DESCRIPTION OF THE TASK:
Restate the listing below word for word; no picture is to be carried over.

RECORDED DATA:
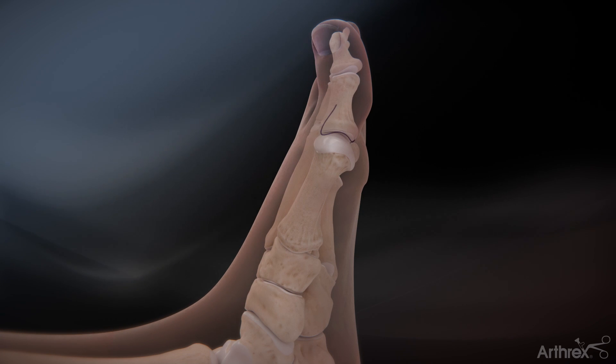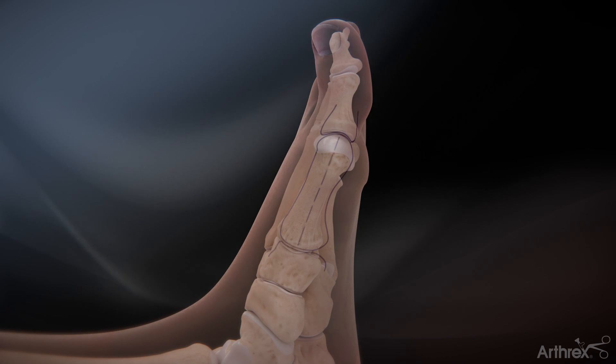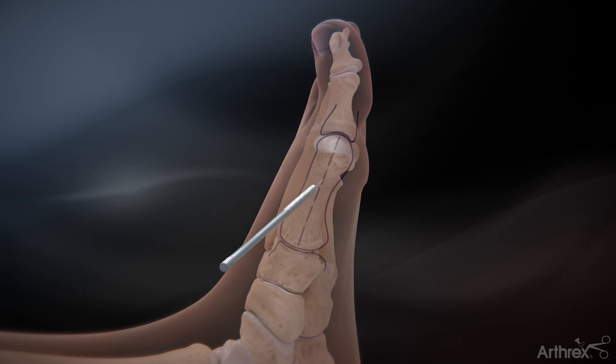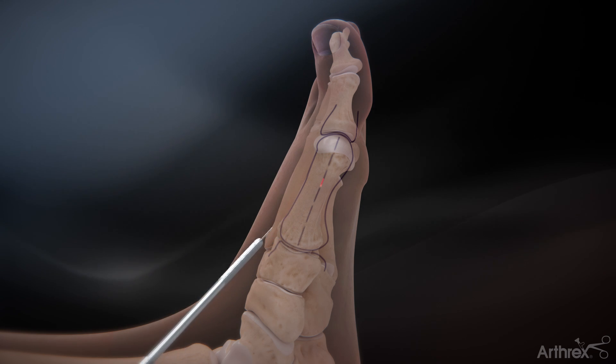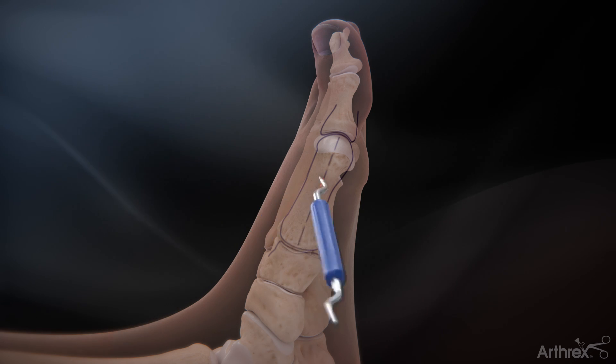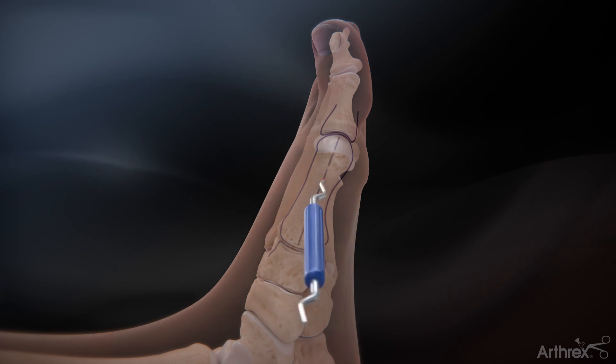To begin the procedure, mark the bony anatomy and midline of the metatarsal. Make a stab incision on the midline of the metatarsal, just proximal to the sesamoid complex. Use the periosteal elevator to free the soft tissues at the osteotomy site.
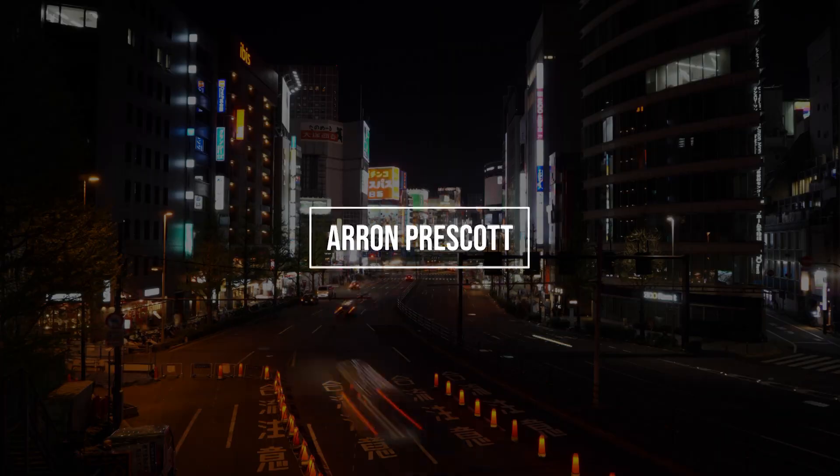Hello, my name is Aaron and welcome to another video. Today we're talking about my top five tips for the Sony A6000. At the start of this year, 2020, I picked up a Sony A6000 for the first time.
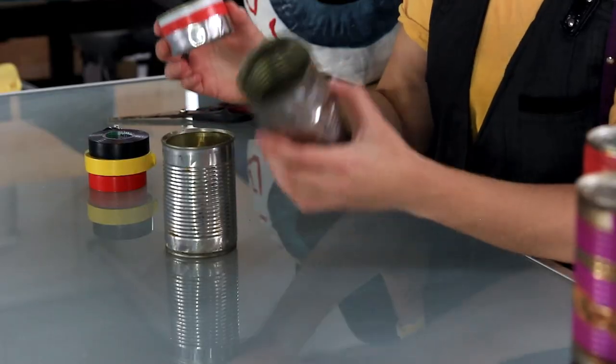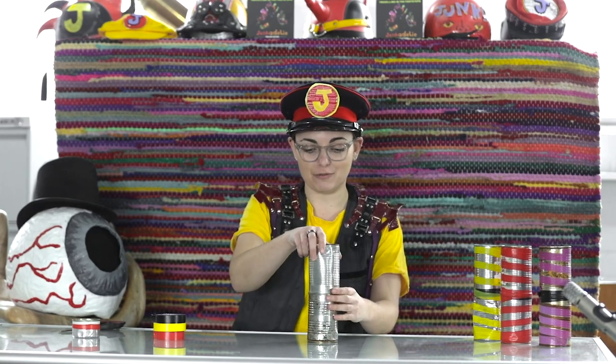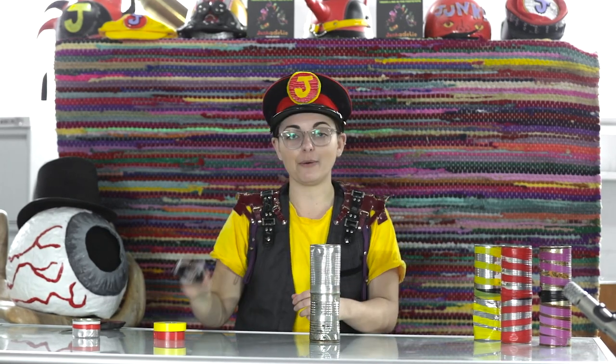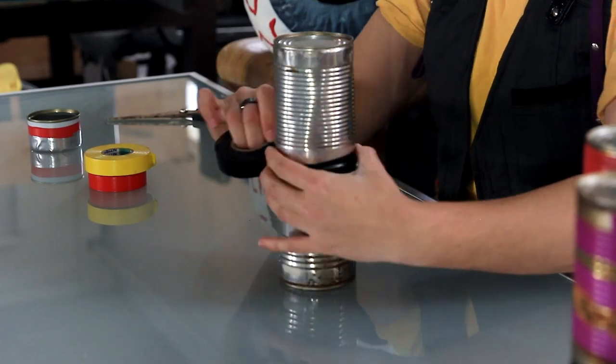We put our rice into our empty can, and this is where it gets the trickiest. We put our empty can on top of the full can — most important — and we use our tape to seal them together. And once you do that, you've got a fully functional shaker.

EXPECTED ANSWER:
To begin the procedure, mark the bony anatomy and midline of the metatarsal. Make a stab incision on the midline of the metatarsal, just proximal to the sesamoid complex. Use the periosteal elevator to free the soft tissues at the osteotomy site.
Hello, my name is Aaron and welcome to another video. Today we're talking about my top five tips for the Sony A6000. At the start of this year, 2020, I picked up a Sony A6000 for the first time.
We put our rice into our empty can, and this is where it gets the trickiest. We put our empty can on top of the full can — most important — and we use our tape to seal them together. And once you do that, you've got a fully functional shaker.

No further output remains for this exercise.